Coffee granita with whipped cream and orange zest.

Coffee granita with whipped cream and orange zest.

Both Ted and I liked this dessert, finding it to be refreshing and light. I am glad I followed the recipe from the episode, as I think the granita would have been far too sweet with the ingredient amounts in the online recipe. The whipped cream cut the sweetness of the granita perfectly.

“Serious” Vanilla Ice Cream

The last recipe in the 6th episode was for vanilla ice cream. I grew up making homemade ice cream with my brother and my parents, so homemade ice cream remains a staple of Summer for me. Once again, there were a couple of differences between the episode recipe and the online recipe. This time, the online recipe called for 1 cup minus 2 T of sugar and 2 T of peach preserves, while the episode used 1 cup minus 3 T of sugar and 3 T of peach preserves. Also, in the episode, Alton added a pinch of Kosher salt to his ice cream mixture.

I combined the half-and-half and cream, and brought the mixture to a simmer on the stove, adding the scraped vanilla bean (along with the hull).
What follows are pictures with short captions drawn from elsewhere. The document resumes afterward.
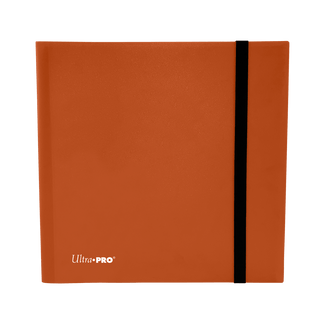 Eclipse 12-Pocket PRO-Binder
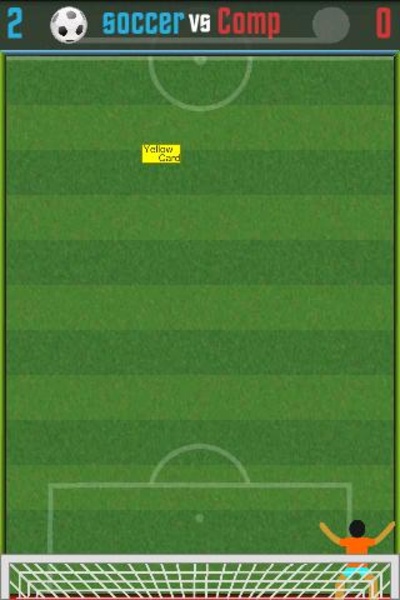 T-Soccer - Preview 4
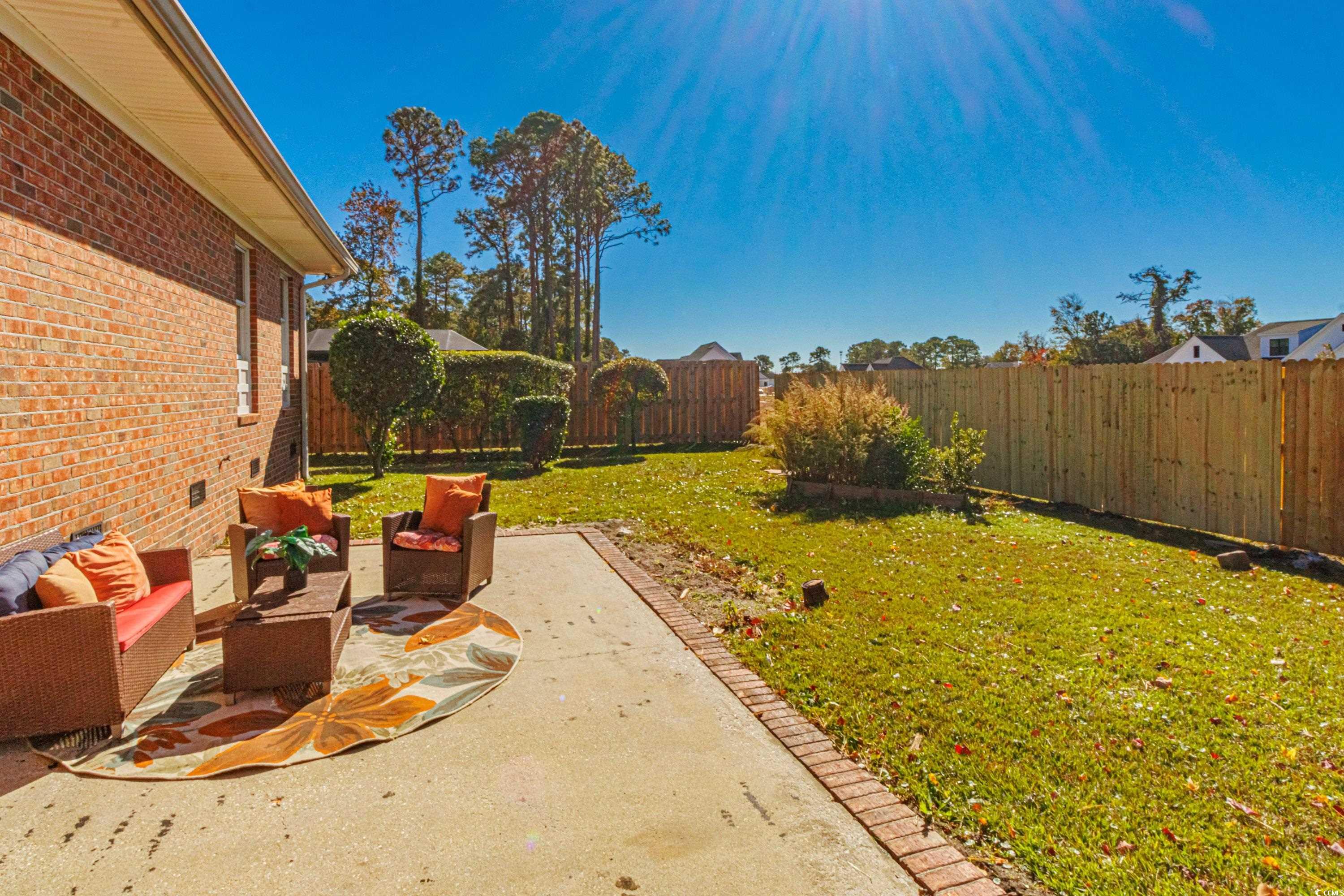 1430 Bay Tree Lane Surfside Beach, SC 29575 - Photo 36 of 40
Vanilla ice cream ingredients.

Vanilla ice cream ingredients.

Fresh vanilla bean.

Fresh vanilla bean.

Loads of vanilla!

Loads of vanilla!

Once at a simmer, I turned off the heat and added the sugar, peach preserves, and salt. I allowed the mixture to cool to room temperature, and then placed it in the refrigerator overnight. Once thoroughly chilled, I churned the ice cream in my Donvier ice cream maker, and placed the ice cream in the freezer to freeze to a harder consistency.

Churning away.

Churning away.

Churned to soft-serve consistency.

Churned to soft-serve consistency.

Into the freezer to harden.

Into the freezer to harden.

Finished vanilla ice cream.

Finished vanilla ice cream.

This recipe made less than a quart of ice cream, and it took the two of us no time to polish it all off. The vanilla flavor was outstanding, which was thanks to the super fresh vanilla bean I used. I do wish that my ice cream had a smoother texture, as it seemed to have tiny crystals, but I am guessing that this is more due to my super old ice cream maker than to the recipe itself. I liked the addition of the peach preserves to the ice cream, as it added just a bit of peach flavor here and there, while still leaving vanilla as the predominant flavor. All in all, this was a very good recipe for vanilla ice cream.